The article considers how recent work in disability-led theory and theatre practice provokes a radical re-examination of conventional assumptions about disability and the event-space of performance. The article argues that the presence of disabled artists and the development of disability arts culture challenges boundaries and binaries of spatiality and performance. Disability brings an excess to the performer-audience relationship that problematises conventions of aesthetic distance and that emphasises affective, somatic and gestural exchanges as shown in the responses to Felipe Monteiro’s performance O problemo e porque sou lucido?!


The article then draws on how these excess manifests in theatre-making, drawing on the practical experience of working with Different Light Theatre performer Glen Burrows and his deteriorating health conditions and how these blur the lines between the discipline of performance and the need for care and support.


The article then cites Joshua Saint Pierre’s articulation of dysfluency, a term he uses to valorise the perceived errors and missteps in spoken communication of those who stammer and stutter as a critique of the fluency of communicative, and by extension neoliberal, capital (Saint Pierre, 2022). This critique is then compared to Jack Halberstam’s recent thinking on transness, which like Saint Pierre’s thinking on disability, does not merely wish to replicate the boundaries that would render transness a vehicle of capitalism but rather to generate unimagined lives and structures beyond these boundaries and mechanistic economic models.

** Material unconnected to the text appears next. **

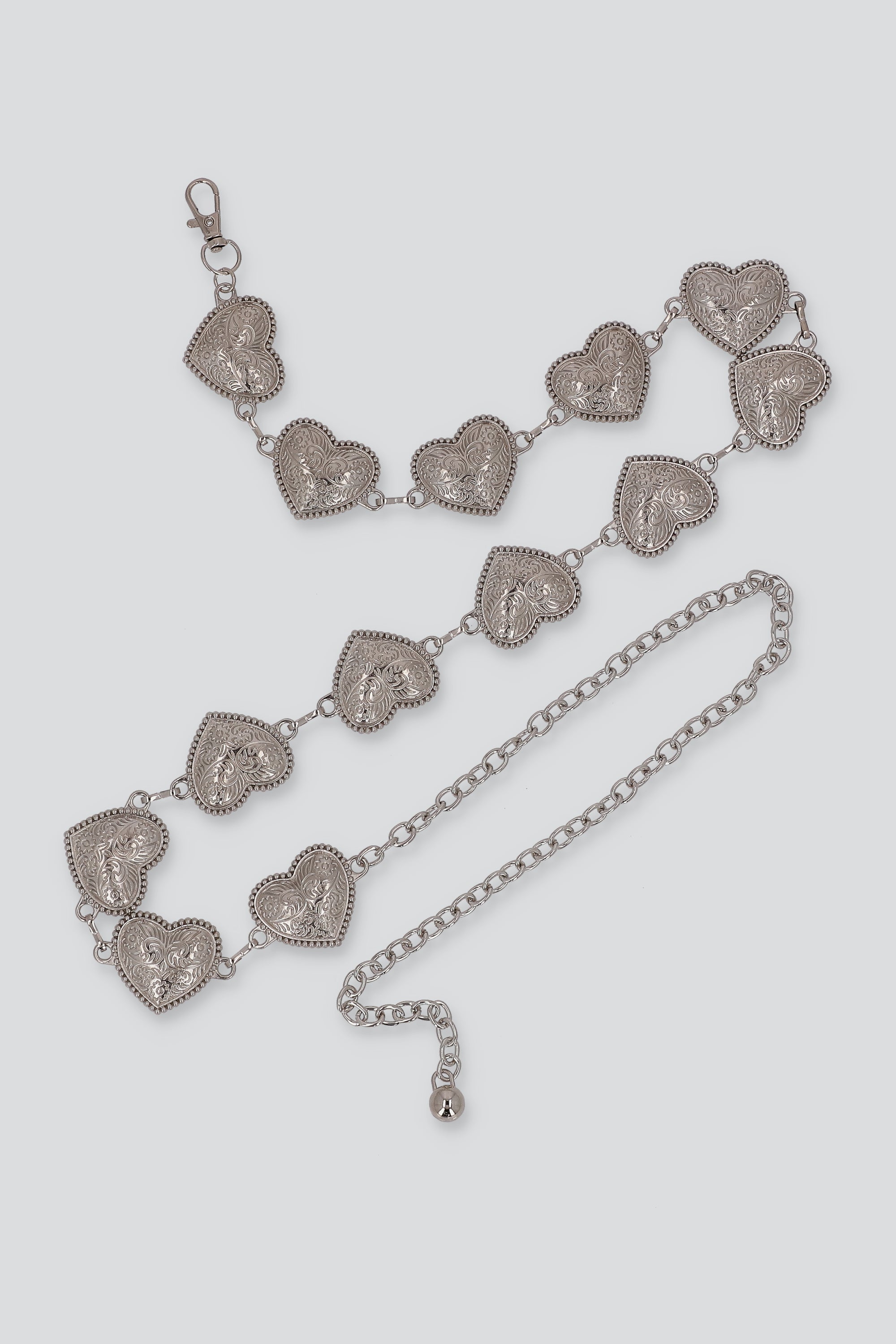 Cinturón cadena corazones boho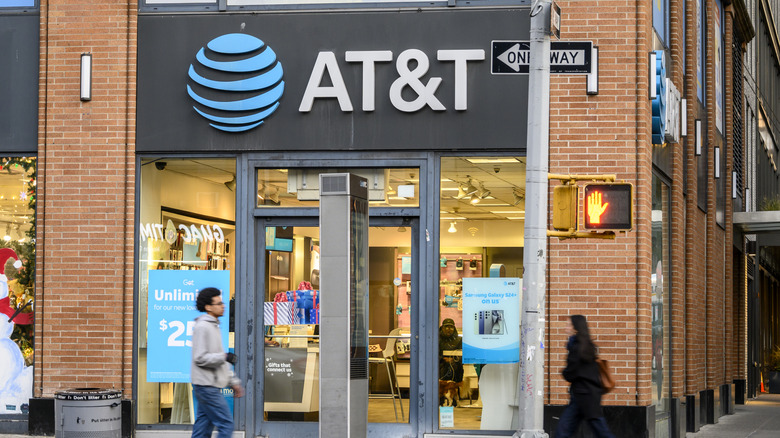 People walk outside of an AT&T store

The article then attempts to relate the somatic and conceptual framings of Monteiro, Saint Pierre and Halberstam to specific examples drawn from the performance practice of Back to Back Theatre and Different Light Theatre in which these theoretical underpinnings appear to be embodied in the practical yet poetic spaces of disability performance. The article concludes that disability-led thinking, culture and practice generates new as yet unimagined possibilities for relationality and relationships.